Uno siempre es un error para alguien. Una mala elección en el camino que se bifurca. Y aceptarlo es crecer, como se asumen las costras en las rodillas de la infancia. Ribeyro lo cuenta así de bien:

Al respecto: imagen del tren
que, por un error del guarda-agujas, toma la vía equivocada. Más justo
sería decir por un descuido del conductor de la locomotora. Más justo
todavía imputarle el error al pasajero, que se equivoca de vagón. Lo
cierto es que al pasajero se le terminan las provisiones, nadie lo
espera en el andén, es expulsado del tren, no llega a su destino
.

A veces se nos terminan las provisiones, y empezamos a devorarnos las uñas,  las yemas de los dedos, en una antropofagia ritual, endemoniada. Y ensangrentados seguimos cometiendo errores por descuido, cobardía o pura torpeza incapacitante. Y hay que darse margen y permitirse, sin dejar de tomar conciencia y aprender para que nuestros errores no dejen un reguero de muertos por las vías del tren.

Hubo un error primigenio, lo hubo, voto a bríos. Y después, consciente a los pocos segundos, permitimos que huyera con sus piernas de plomo y nos tapamos los ojos con una venda rota. Y el paso de los días, las semanas, lo fue desgastando y lo convirtió en un harapo que ya no tiene uso y sin embargo debe seguir ahí, como un despojo, que es para recordarnos que un día nos salimos del camino correcto.

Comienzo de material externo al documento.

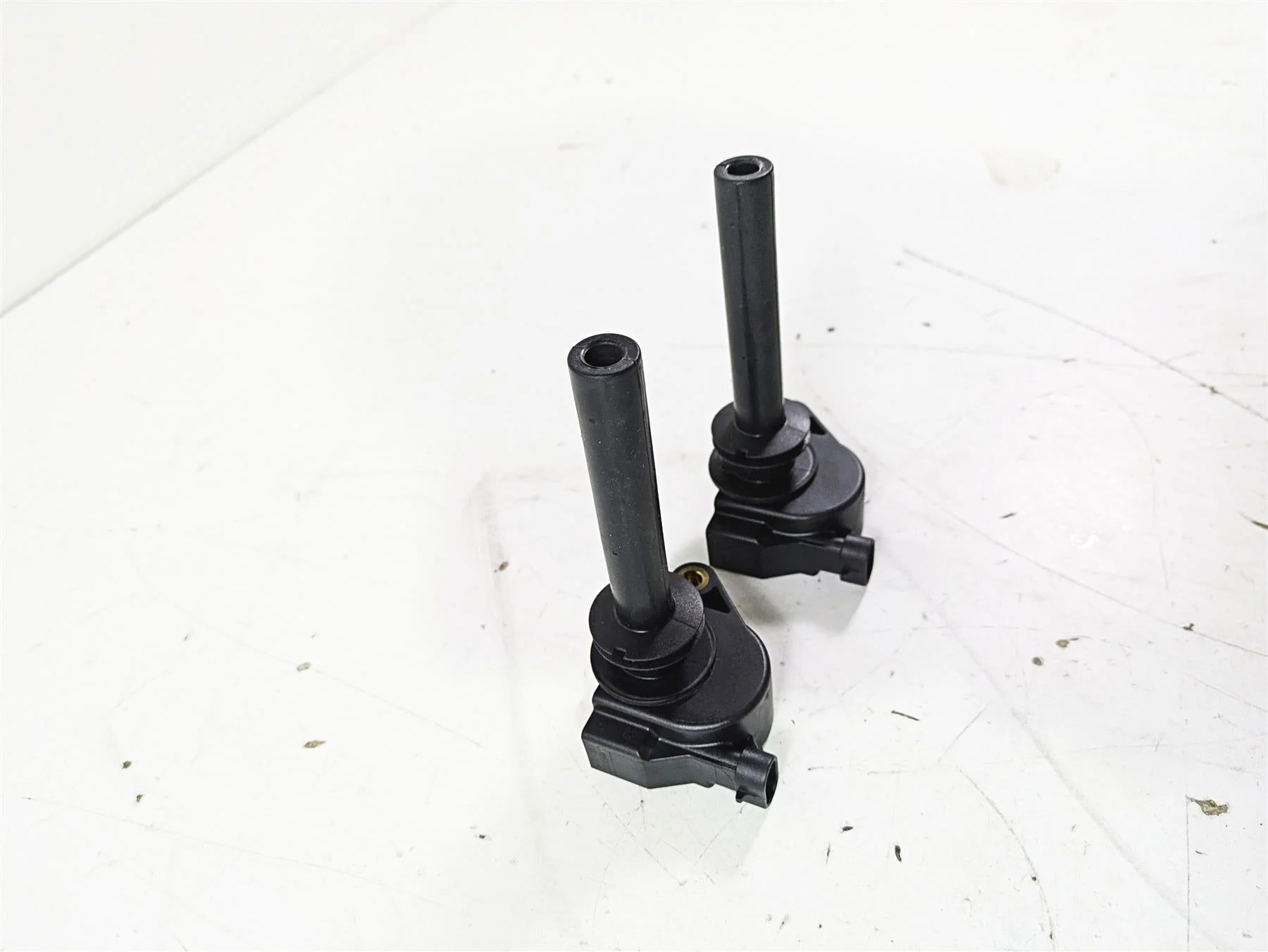 2012 Harley VRSCF Muscle V Rod Ignition Coil Stick Coil Set 32477-01A - Image 2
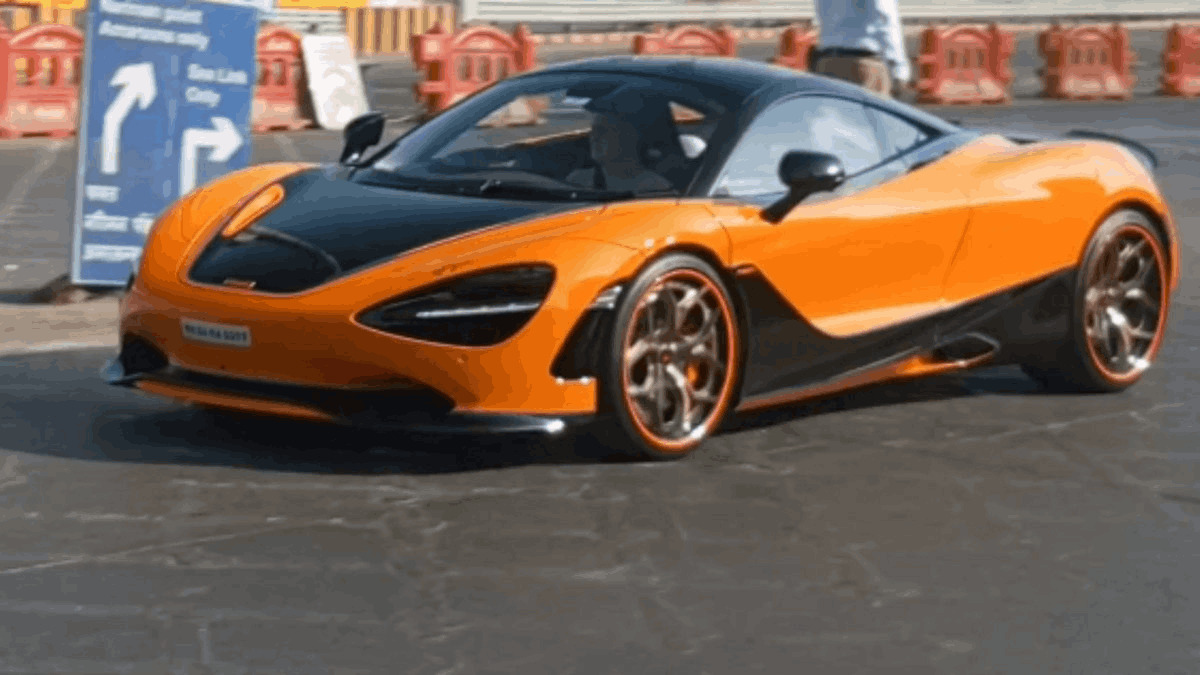 கௌதம் சிங்கானி - வெறும் பிஸ்னஸ்மேன் இல்லை.. கார் வெறியன்..!!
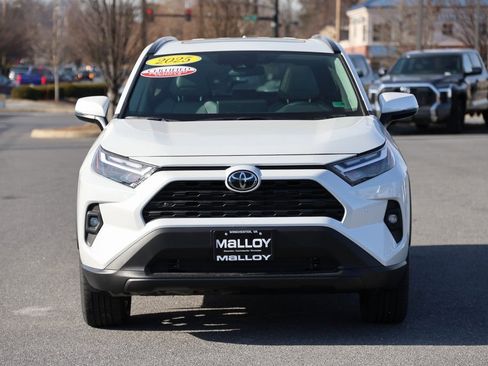 Certified 2025 Toyota RAV4 XLE Premium image 5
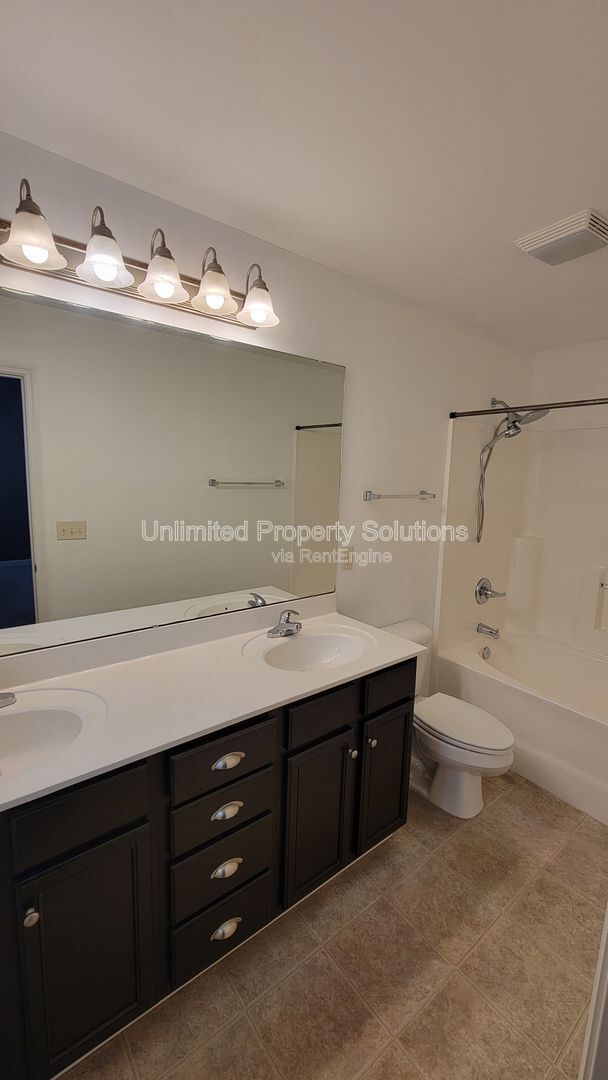 Building Photo - 226 Chambers St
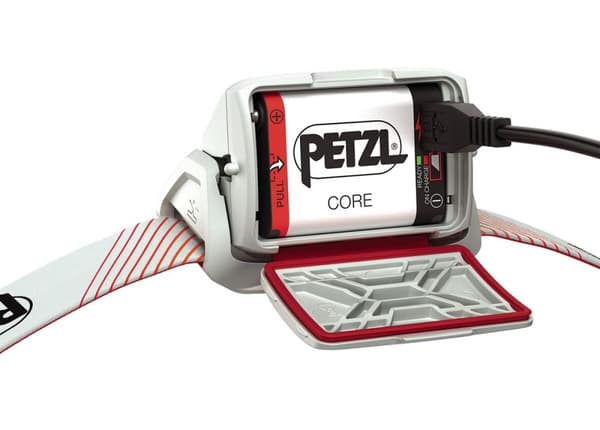 PETZL ACTIK CORE 600 lm, pannlampa uppladdningsbar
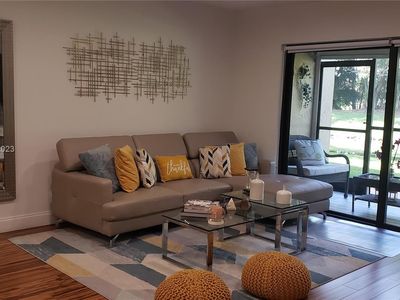 425 Lakeview Dr APT 105, Weston, FL, 33326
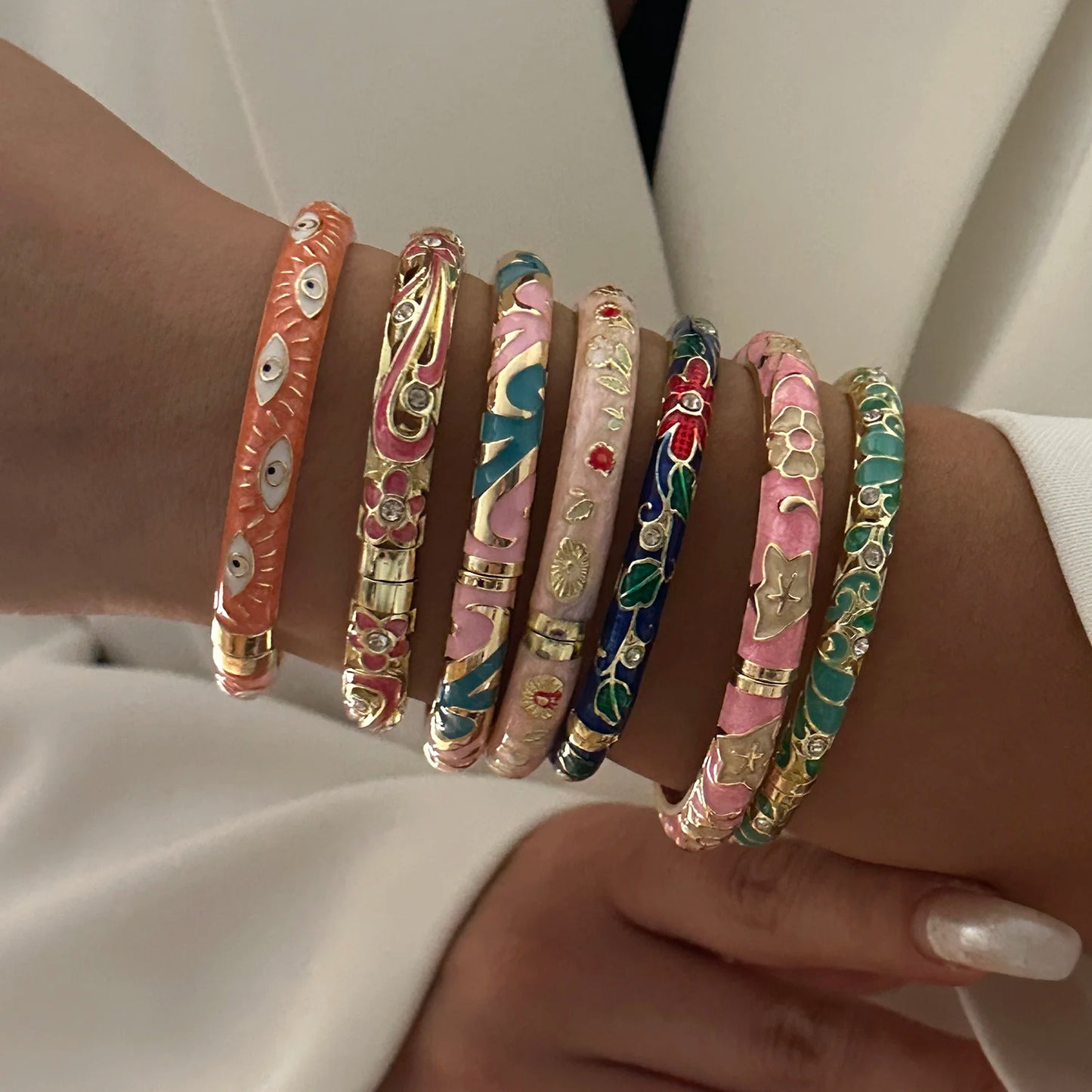 Elegant Enamel Flower Bracelet for Women – Retro Gold-Plated Evil Eye Floral Zircon Bangle, Vintage Party Jewelry
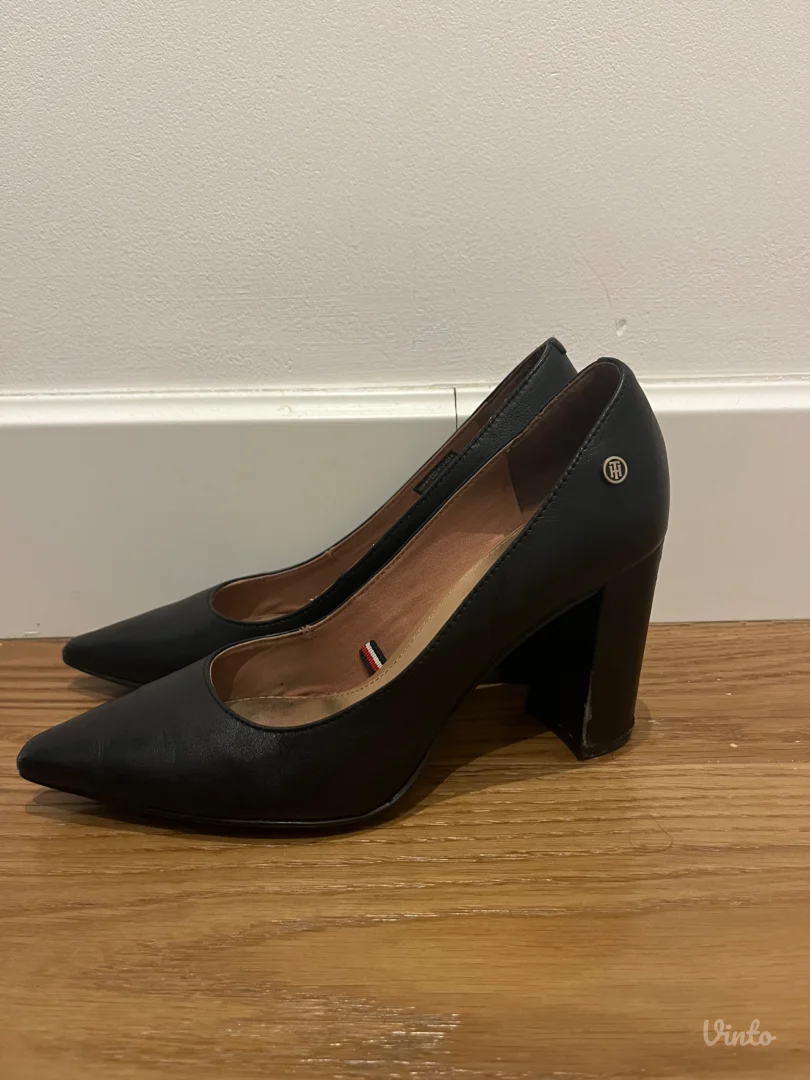 Salonke-Tommy hilfiger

Errores primigenios habituales: elegir un mal libro, un amigo que duele, un novio o un amante, una carrera, un trabajo. Unos zapatos que aprietan, pero eran tan bonitos…Una sombra de árbol cargado de orugas. Un cóctel explosivo que deshace el estómago. Un vuelo de avión que se retrasa o explota en el aire que es tu vida. Un cable azul o rojo. Una historia que crece y se aborta por falta de aliento. Un jersey color lima, que te hace cetrina y amarillea el rictus. Un taxi maloliente del que nadie se baja, por recato. Un cura que desata mil escrúpulos a adolescentes torpes. Un desodorante, un perfume traidor que te hace otra. Y esa sensación creciente, poderosa, de lo que pudo haber pasado de elegir el raíl más conveniente. Y esa certeza, relajada, salvífica, autojustificativa, de que vivir sin errores primigenios sería algo menos excitante.

(*) En realidad la frase de Ribeyro nunca estuvo allí. Me vino inducida por un artista que viola y enriquece y la mezclé con otra frase de otro cuadro que había visto en ARCO y cuyo texto no recuerdo. Moraleja: Nunca deberían darme trabajo como notaria ni documentalista.